◆ **What is expected**:
The lines below, from the one containing "A cozy sitting" through the one containing "rolls and sushi", should be set down exactly, with no pictures and nothing else.

◆ **Input for this task**:
[Start of section]
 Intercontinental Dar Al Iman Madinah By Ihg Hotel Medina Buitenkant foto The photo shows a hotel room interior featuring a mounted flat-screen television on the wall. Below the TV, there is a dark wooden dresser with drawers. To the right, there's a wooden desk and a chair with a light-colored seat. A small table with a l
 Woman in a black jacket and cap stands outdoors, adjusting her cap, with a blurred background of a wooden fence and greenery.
[End of section]
[Start of section]
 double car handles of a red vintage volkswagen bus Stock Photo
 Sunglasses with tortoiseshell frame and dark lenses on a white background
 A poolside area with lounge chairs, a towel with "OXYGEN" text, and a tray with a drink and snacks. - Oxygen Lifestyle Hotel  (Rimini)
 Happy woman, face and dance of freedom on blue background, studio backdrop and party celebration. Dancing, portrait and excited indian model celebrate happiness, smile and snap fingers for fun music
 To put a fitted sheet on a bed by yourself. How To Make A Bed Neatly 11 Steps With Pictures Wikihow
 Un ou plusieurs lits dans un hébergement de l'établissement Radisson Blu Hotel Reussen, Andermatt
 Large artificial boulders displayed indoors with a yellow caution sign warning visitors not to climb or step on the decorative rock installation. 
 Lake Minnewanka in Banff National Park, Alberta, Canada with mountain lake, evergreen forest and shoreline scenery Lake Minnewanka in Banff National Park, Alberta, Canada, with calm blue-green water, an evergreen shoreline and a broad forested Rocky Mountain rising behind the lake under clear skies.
[End of section]
[Start of section]
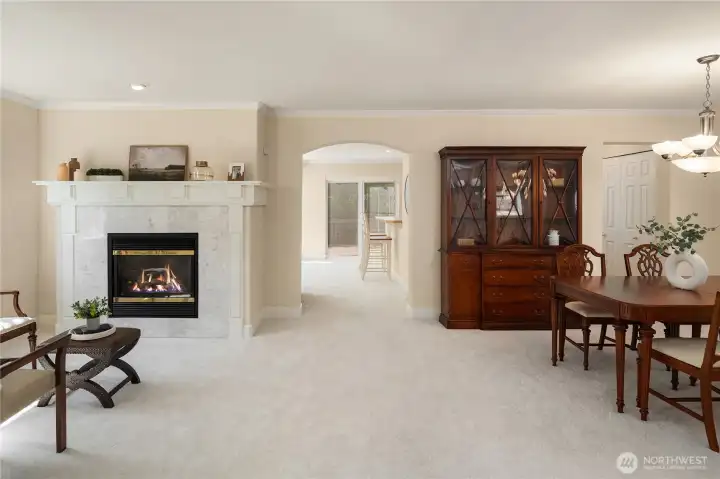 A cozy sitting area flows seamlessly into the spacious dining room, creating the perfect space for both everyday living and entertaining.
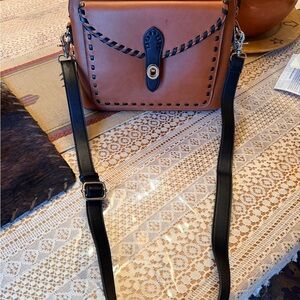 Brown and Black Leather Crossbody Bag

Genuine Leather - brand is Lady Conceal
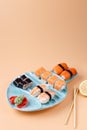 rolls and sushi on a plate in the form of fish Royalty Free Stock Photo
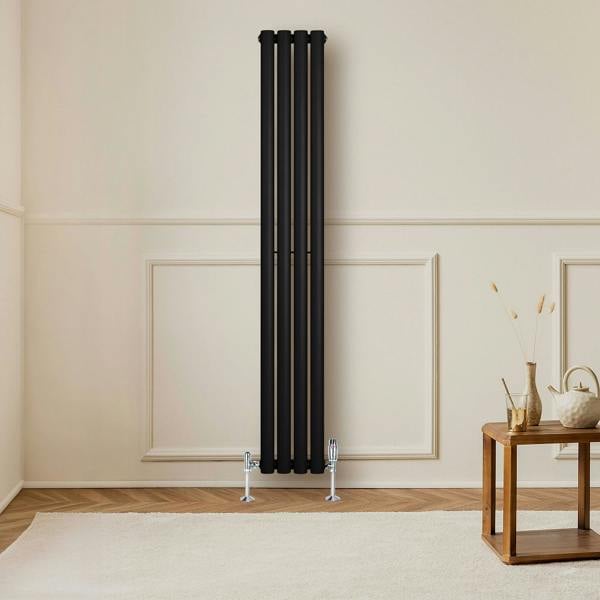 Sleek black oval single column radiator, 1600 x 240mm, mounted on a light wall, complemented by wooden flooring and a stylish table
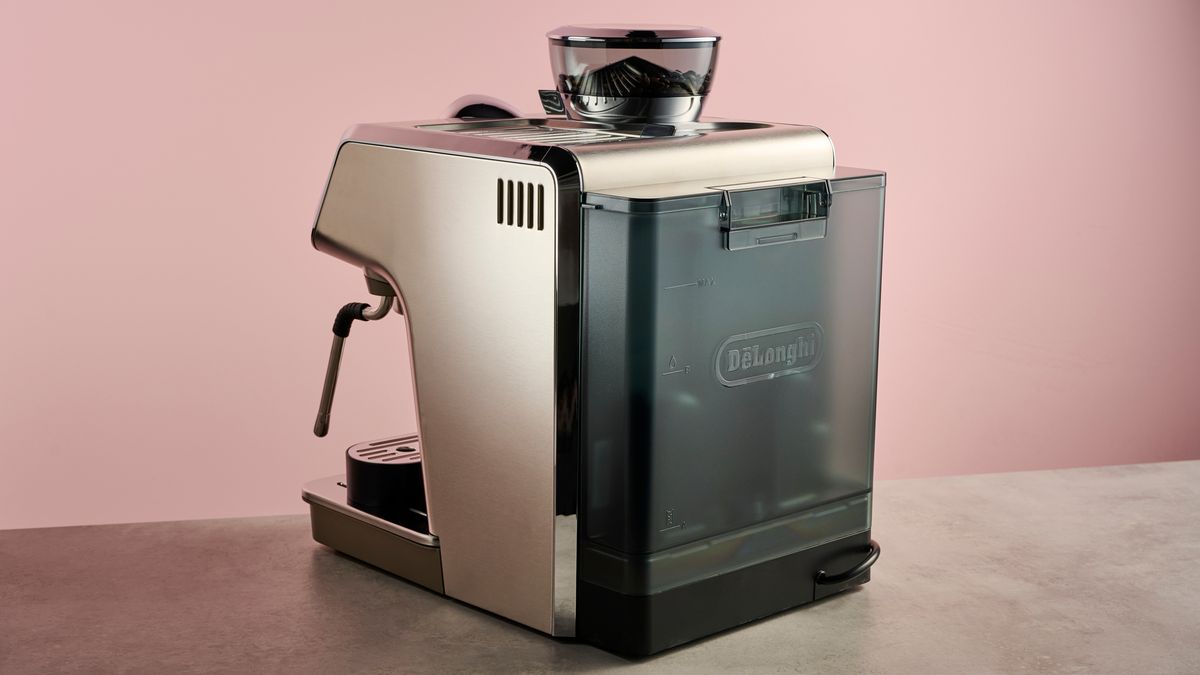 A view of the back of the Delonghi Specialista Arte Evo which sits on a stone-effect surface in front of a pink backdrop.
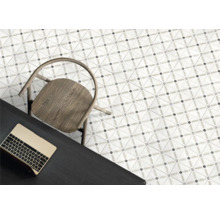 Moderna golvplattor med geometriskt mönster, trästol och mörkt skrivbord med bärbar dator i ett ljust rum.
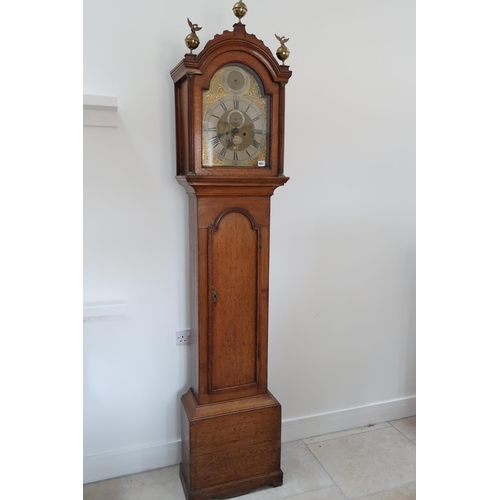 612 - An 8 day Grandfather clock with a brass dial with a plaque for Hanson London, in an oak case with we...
[End of section]
◆ **Finished exercise**:
 A cozy sitting area flows seamlessly into the spacious dining room, creating the perfect space for both everyday living and entertaining.
 Brown and Black Leather Crossbody Bag

Genuine Leather - brand is Lady Conceal
 rolls and sushi on a plate in the form of fish Royalty Free Stock Photo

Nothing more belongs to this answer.